Its main point seems to be that really, nothing can't be DIY-ed. You could pay a print shop $12 a shirt and a $60 setup fee to print your small press's promotional shirts, or you could go get some emulsion, a screen, and a bulk pack of Fruit Of the Looms and have fun for an afternoon for a lot cheaper. There are tips on copy machines, block printing, getting cheap paper that card shops are throwing out, spraypainting badges, writing to zinesters, getting published by someone else's zine, starting a zine library, and taking your zines on tour.

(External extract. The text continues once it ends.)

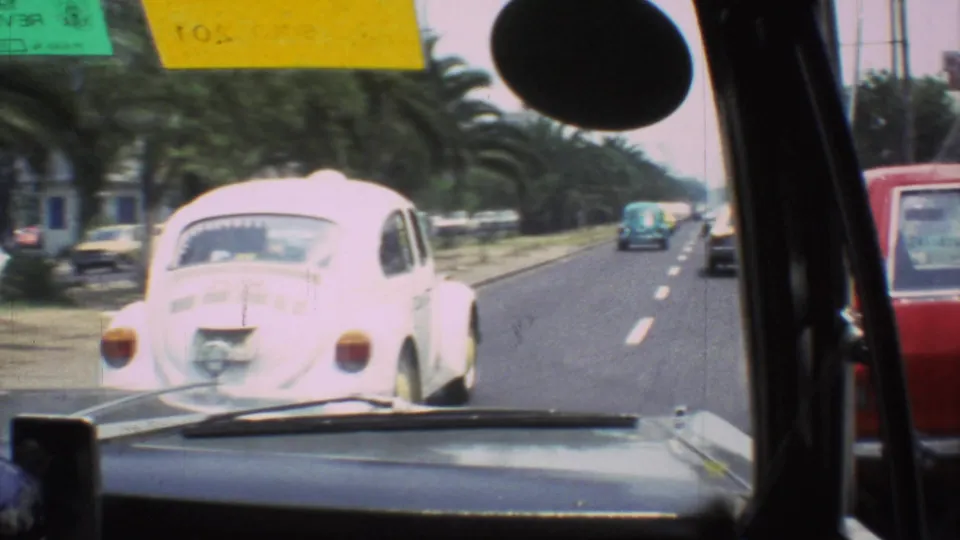 White Volkswagen Beetle moving ahead of the camera car on a Mexico City roadway, with sedans, palms, and windshield stickers visible.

There's another whole meditation to be done here on why people who make tiny photocopied books that they give away or sell for a buck apiece even do this, but as far as I can tell, the reason is pretty simple - some people need to sing, some people need to perform, and some people need to produce printed matter. And finding other people with the same obsession is always exhilarating. I like the zine crowd - I think I tend towards a far more staid kind of layout in my own small press publishing, but the more zines I read, the more amazed I am at the culture.
And there's yet another possible meditation on the interface between a world full of webpages and a boom in zine publishing - both very ephemeral, cheap, widely-distributable ways of putting your thoughts/experiences/ideas/aesthetic out into the public forum. Casting a net for likeminded folks.
The website for the people who made this lovely little compendium of all things zine? www.microcosmpublishing.com.